Brexit, l’elefante in una stanza

Verso il 29 marzo – Dopo quasi tre anni da quello storico 23 giugno 2016 e un anno e mezzo di negoziati e di ministri dimissionari, il Regno Unito si appresta a uscire dall’Ue. Come lo farà non si sa. Quando non è più così sicuro
/ 11.03.2019
di Cristina Marconi

Manca una ventina di giorni e a Londra si respira un’atmosfera sospesa, quasi imbarazzata: nessuno sa cosa fare dell’elefante nella stanza, quella Brexit sbandierata e evocata miliardi di volte senza che nessuno si premurasse di definirla, come il mostro di Frankenstein da cui il suo inventore scappa via terrorizzato. Non lo sa Theresa May, la premier il cui percorso ormai da anni appare come un lento martirio pubblico in cui l’osservazione collettiva delle sue disavventure ha sostituito una riflessione seria su quello che si andava a fare, non lo sa il leader dell’opposizione, disponibile a un secondo referendum ma incapace di guidare gli elettori verso un’alternativa, e non lo sa ancora chi, dai mille frammenti di un percorso estremamente frastagliato, spera di costruire un percorso diverso che sia, perché no, magari un ritorno indietro.

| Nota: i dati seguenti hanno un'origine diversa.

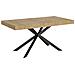 Tavolo allungabile 90x160/420 cm Plaker quercia natura gambe antracite - Foto miniatura 1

Per il prossimo voto sull’accordo raggiunto dalla May con Bruxelles ci si consola con l’idea che sarà una sconfitta di «soli» 60 o 100 voti, tutt’altra cosa certamente rispetto ai 230 del 15 gennaio scorso.

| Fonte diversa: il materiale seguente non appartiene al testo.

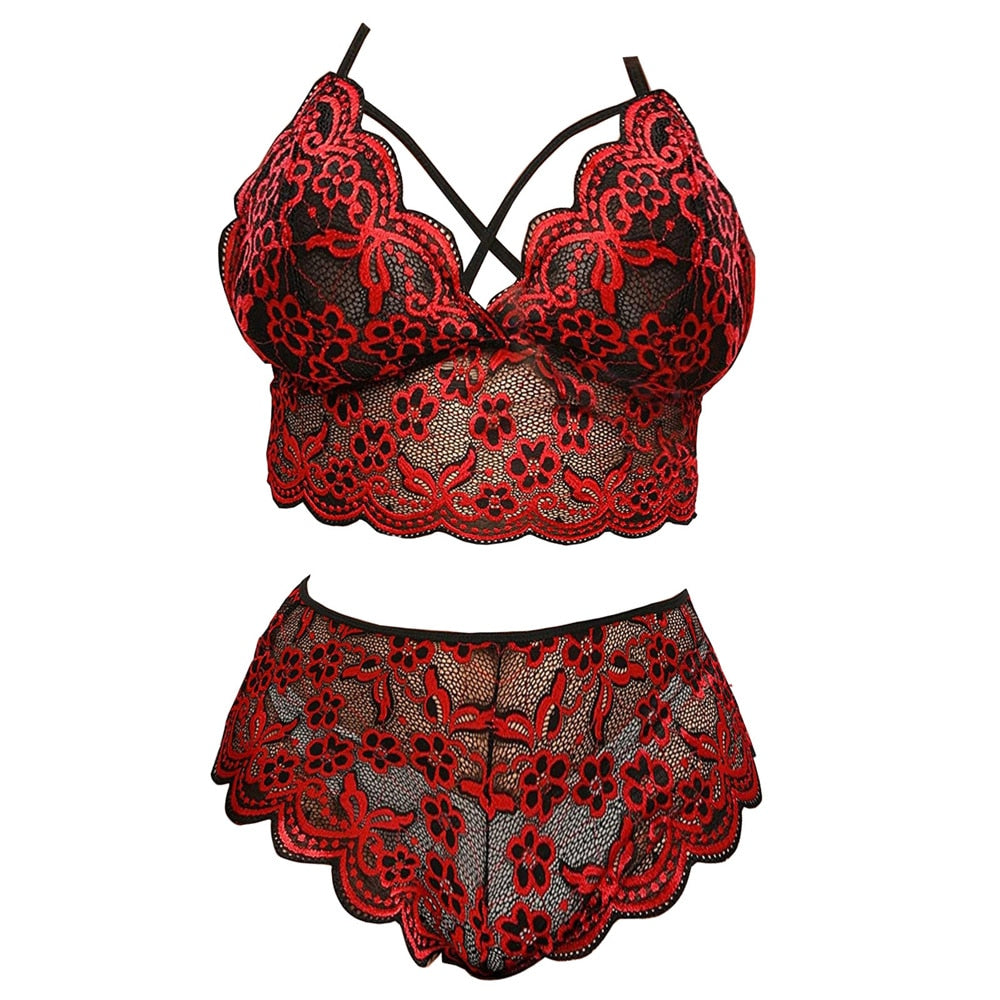 Plus Size 2 Piece Lingerie Set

Bruxelles è inamovibile, sembra. L’incontro di martedì scorso tra le due squadre di negoziatori non avrebbe portato a nulla di abbastanza significativo sul nodo irlandese da convincere gli euroscettici a votare il testo: la clausola di salvaguardia per impedire che venga creata una frontiera fisica tra Irlanda e Irlanda del Nord anche nel caso di un mancato accordo commerciale post-Brexit tra Regno Unito e Ue non è cosa a cui gli europei siano pronti a rinunciare, mentre per il fronte oltranzista Brexiteer rappresenta una trappola per tenere il Paese impelagato nella Ue a tempo indeterminato. Le due proposte di Londra, ossia l’introduzione di un «comitato d’arbitraggio» per verificare che le due parti agiscano correttamente nella messa a punto di un accordo commerciale o l’applicazione di un «mini backstop» molto diluito, sarebbero state respinte con sdegno.

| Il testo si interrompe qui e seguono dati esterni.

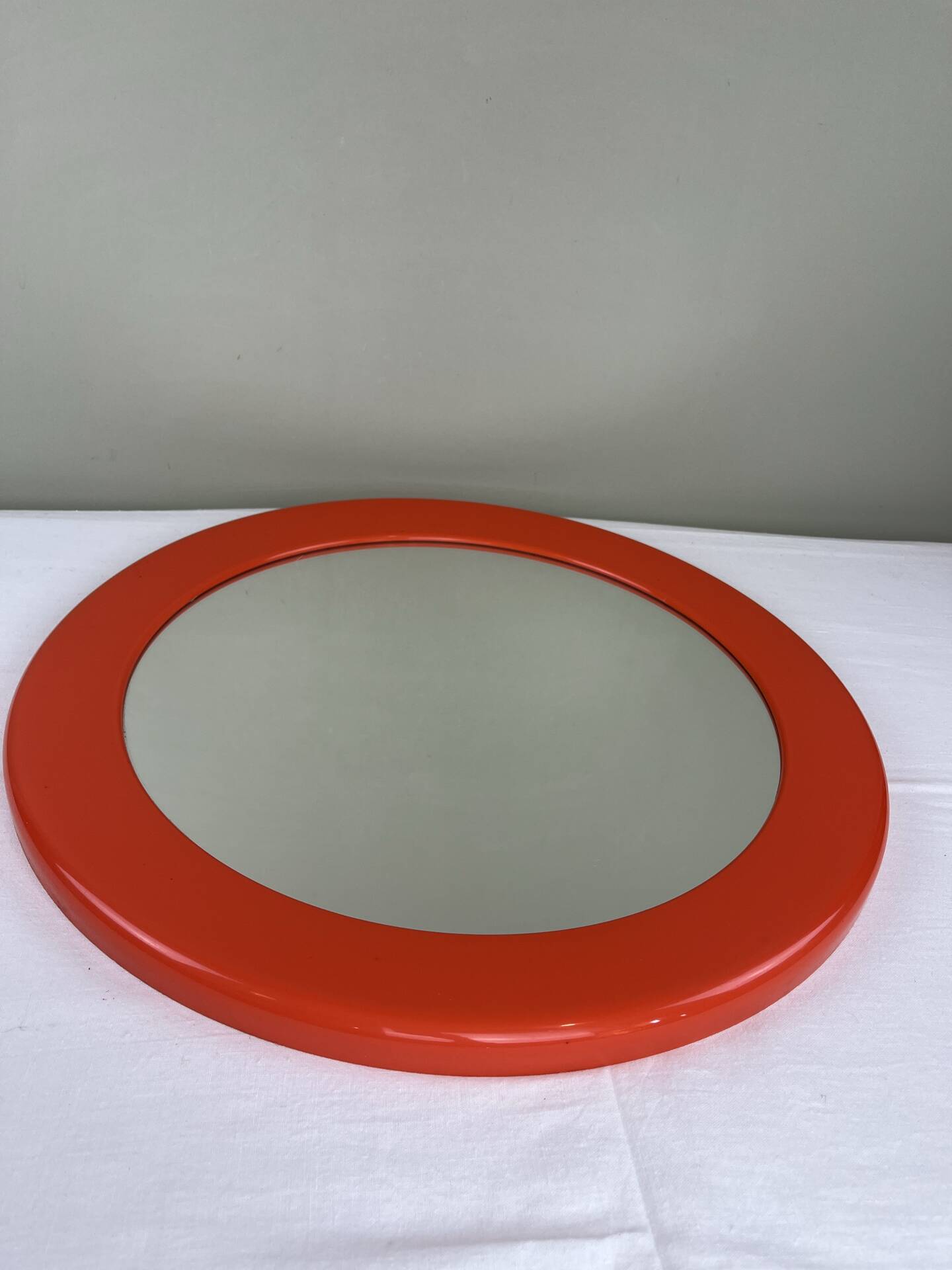 Miroir orange vintage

Secondo un documento diplomatico pubblicato dal «Guardian», l’incontro sarebbe stato «negativo» e il Regno Unito starebbe cercando una «soluzione legale a un problema politico», motivo per cui il negoziatore capo Ue Michel Barnier ha richiesto «una nuova bozza» agli inglesi. Toni molto accesi, per un comunicato di questo tipo. E un disaccordo così profondo che le due parti non avrebbero ancora messo in calendario un nuovo incontro.

Il tentativo della May di far crescere il sostegno per il voto del 12 marzo intorno alla sua proposta, che è anche l’unica ad avere un capo e una coda e a rispettare un minimo realismo nei confronti delle richieste di Bruxelles, sembrerebbe fallito, aprendo la strada al voto della sera successiva, il 13 marzo, per permettere al Parlamento di respingere l’ipotesi di un’uscita del Regno Unito dall’Ue senza accordo (no deal) e di chiedere, il giorno dopo, un’estensione dell’articolo 50 del Trattato di Lisbona, quello invocato così frettolosamente da far arrivare il Paese all’appuntamento del 29 marzo totalmente impreparato.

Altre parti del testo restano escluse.